## PROBLEM TO SOLVE
The entire listing that follows must be repeated exactly, pictures excluded.

## AVAILABLE DATA

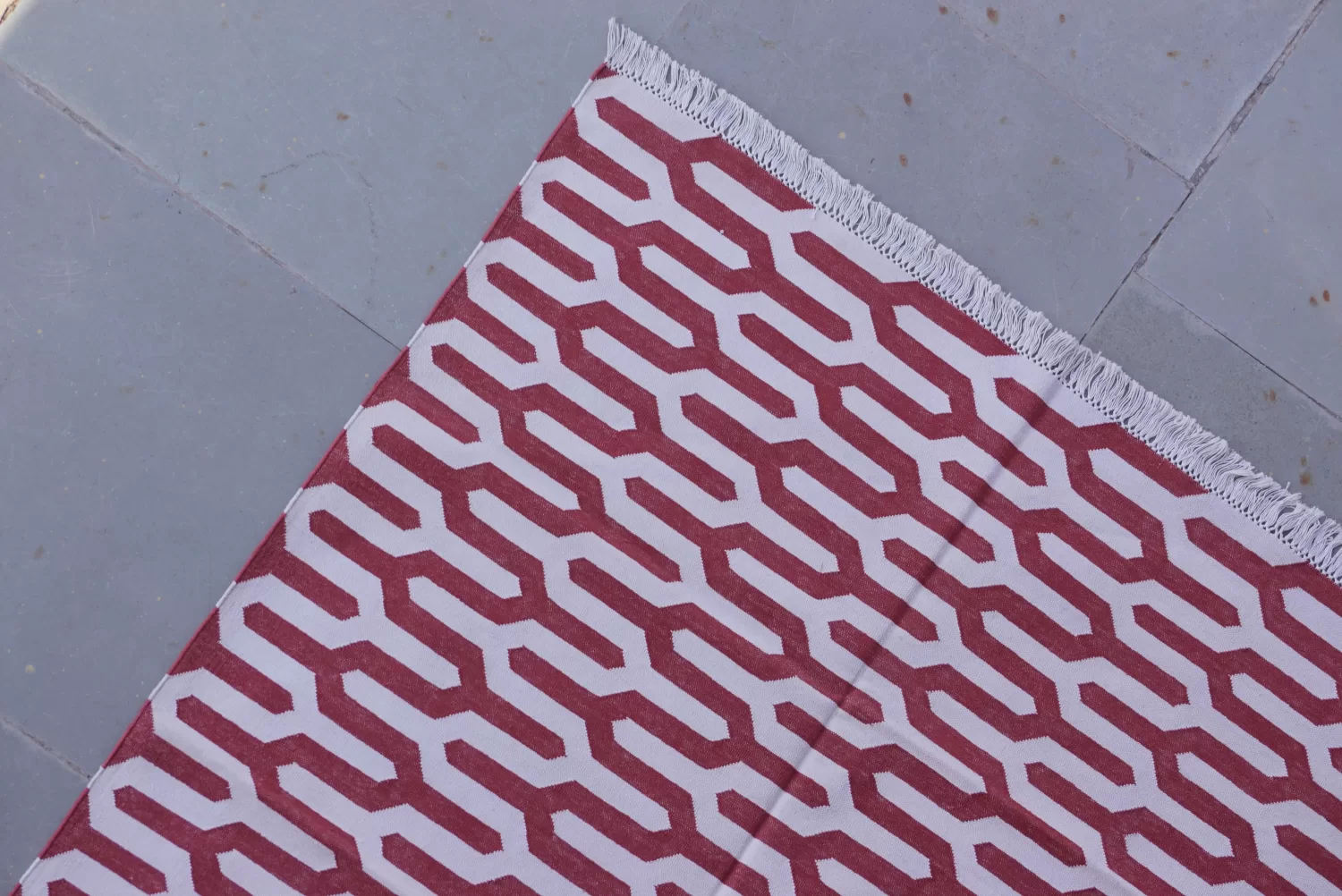 maroon cotton dhurrie rug flatweave texture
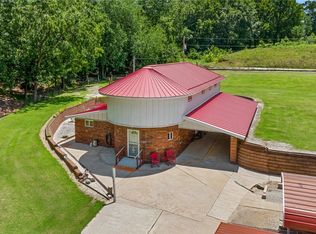 2960 Hayden Rd, Pea Ridge, AR 72751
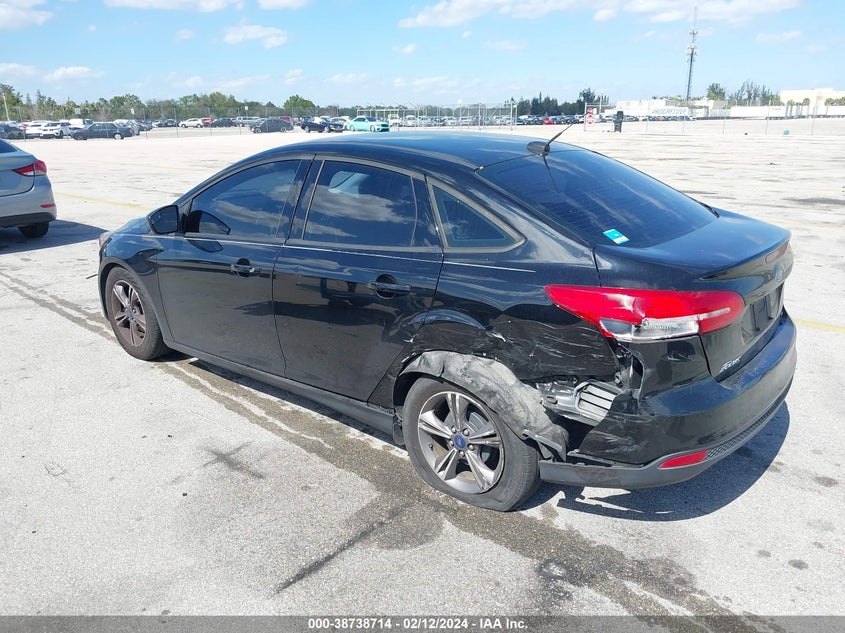 VIN 1FADP3F25JL227309 2018 FORD FOCUS SE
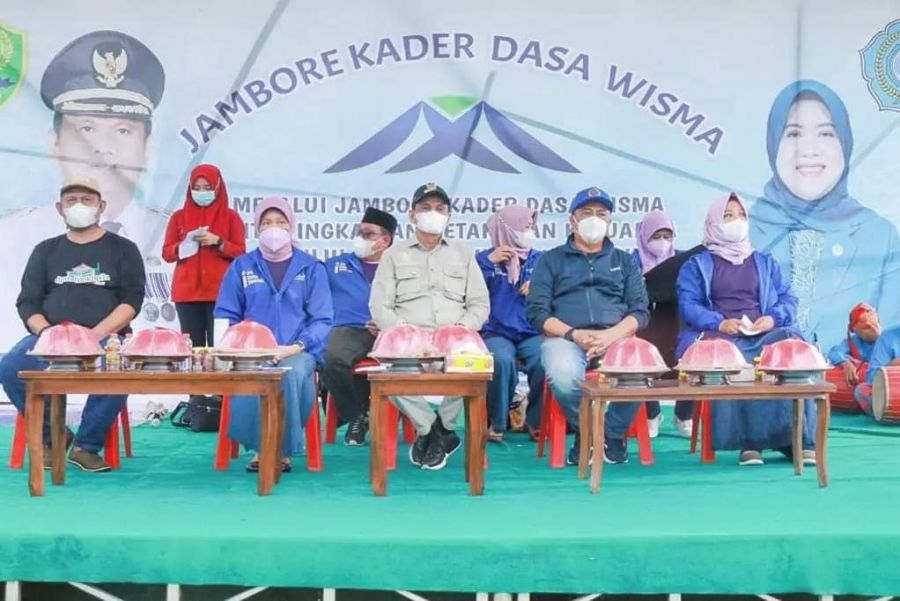 Bupati Barru Resmi Buka Jambore Dasa Wisma Se-Kabupaten Barru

## OUTPUT FOR THIS TASK
 maroon cotton dhurrie rug flatweave texture
 2960 Hayden Rd, Pea Ridge, AR 72751
 VIN 1FADP3F25JL227309 2018 FORD FOCUS SE
 Bupati Barru Resmi Buka Jambore Dasa Wisma Se-Kabupaten Barru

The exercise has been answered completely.